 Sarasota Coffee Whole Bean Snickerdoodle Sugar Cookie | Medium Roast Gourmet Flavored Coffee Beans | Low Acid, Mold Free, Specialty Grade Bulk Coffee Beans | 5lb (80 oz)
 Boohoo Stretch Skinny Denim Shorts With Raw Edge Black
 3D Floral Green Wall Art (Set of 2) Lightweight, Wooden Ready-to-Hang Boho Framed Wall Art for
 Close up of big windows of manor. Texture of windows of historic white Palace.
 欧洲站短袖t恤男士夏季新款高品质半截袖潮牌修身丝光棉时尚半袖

_WORK REQUIRED_. A word-for-word restatement of the lines running from the one with "3D Floral Green" to the last line of the records is the whole answer.

_TASK OUTPUT_.
 3D Floral Green Wall Art (Set of 2) Lightweight, Wooden Ready-to-Hang Boho Framed Wall Art for
 Close up of big windows of manor. Texture of windows of historic white Palace.
 欧洲站短袖t恤男士夏季新款高品质半截袖潮牌修身丝光棉时尚半袖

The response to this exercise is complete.